I do think recent technological developments will make a bigger difference for small and irregular forces, especially in low-intensity conflicts. The trend seems to be for things to be getting much cheaper. Off-the-shelf civilian technology can be jury-rigged for military use e.g. mobile phone IEDs.
I wonder what the implications of cheap software-defined radios will be for people trying to counter the Great Powers' highly networked forces. And what are the odds that both Armenia and Azerbeijan are using Planetlabs as an outsourced spysat programme?
@quanticle: The "relative dearth of anti-aircraft assets on the battlefield" may have something to do with the bit where Azeri (or maybe Turkish/Israeli) drones keep blowing up Armenian air defense systems up to and including multiple S-300 sites. That's been reported by enough credible observers, with imagery, that I'm pretty sure it's real. And while it's debatable whether the Armenians brought as much air defense capability to the field as they should have, the bit where enemy drones are loitering directly over the core air defense assets they did bring is a bad sign.
Armed drones do have the potential for e.g. "making tanks obsolete", rather like allied air power did in 1944/45 only more so. Talk to a German armored commander from that war about how useful tanks are when the enemy owns the sky. Except, it's much easier to maintain a 24/7 presence with Reapers than it is with P-47s (or even A-10s), and the Reaper is more likely to hard-kill any tank that tries to move under its gaze.
The unanswered question until now was whether this only applied when fighting pathethic third-rate armies without serious air defenses. The S-300 is a pretty serious air defense system, as are Armenia's shorter-ranged systems. They're not cutting it against modern drones, intelligently used.
If there's still any doubt, it's what might happen if people start deploying more specialized counter-drone systems. But even the United States is behind the curve on that one, and Team Drone hasn't fully explored the trade space for increasing their own survivability.

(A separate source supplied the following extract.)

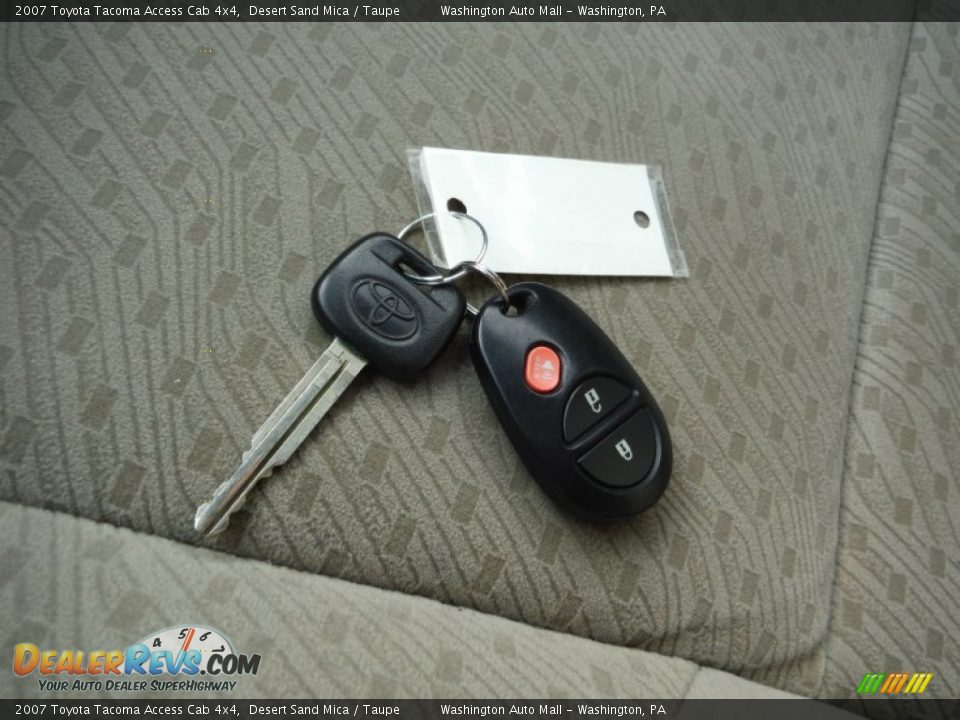 2007 Toyota Tacoma Access Cab 4x4 Desert Sand Mica / Taupe Photo #18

John, I think you're probably overstating the case a bit. There's a couple reasons why the Armenians could be having so much trouble that aren't just because of how good drones are. First, there's the possibility that the S-300 isn't as good as we thought it was, which now that I say it out loud and remember that it's a Russian system they've been aggressively trying to sell, seems obvious. (Particularly because Armenia's are listed by Wiki as S-300PS, which was introduced in 1985. There's a distinct possibility that they were inherited from the Red Army and not upgraded in the last 30 years.) Then there's the fact that the system is only as good as the people using it, and it's very possible that the operators are just not that good.
It's also worth pointing out that the "drone" in question is an Israeli anti-radiation missile. Yes, it looks different from most ARMs and can loiter for longer, but it's still a specialized piece of hardware built by a major defense contractor. Those are usually pretty effective, but I don't think this is a sea change compared to what, say, HARM is capable of doing.
Is this just Israeli-made hardware that they sold, or is it believed/suspected that Israel is actively aiding the Azerbaijanis? If the latter, what's their motivation? I'm not familiar with the full web of alliances in the area.
I don't know. They're too far from the ocean for me to really be paying attention.
I've not heard any allegations that Israel is doing more than selling arms to Azerbaijan.
The accusations about sending combatants tend to be directed at Turkey and Syrians (not sure if they're pro-assad Syrians or anti-assad or mercenaries).
John's link has some of those missiles (drones?) crossing the border into Iran. Probably for the best if the Israelis keep that mess at arms length.
Yes, the Israelis are selling drones to Turkey which is providing them to Azerbaijan, and maybe selling some directly to Azerbaijan. But if there are any foreign "advisors" operating the drones, those are almost certainly Turkish rather than Israeli.
Armed drones do have the potential for e.g. “making tanks obsolete”
Though... we just got an article on how aircraft carriers didn't really make battleships obsolete. Well not after a multi-decade period in which battleships were fast, armoured, AA platforms that could also be used as battleships and gunboats.
So, could we see tanks turn into fast, armoured, AA platforms that could also be used as
battleshipstanks andgunboatsartillery?The big reason why I wouldn't expect to see that from tanks, is that tanks are fairly small and compact. Battleships had lots of room, and it wasn't hard to turn the secondary anti-ship armament they already carried into something that doubles as heavy AA. They also had lots of deck space to bolt light and medium AA guns to. Tanks don't - even putting a single pintle-mounted 20mm cannon on a tank could be a trick, and any SAMs beyond one or two MANPADS-type things would require a dedicated chassis.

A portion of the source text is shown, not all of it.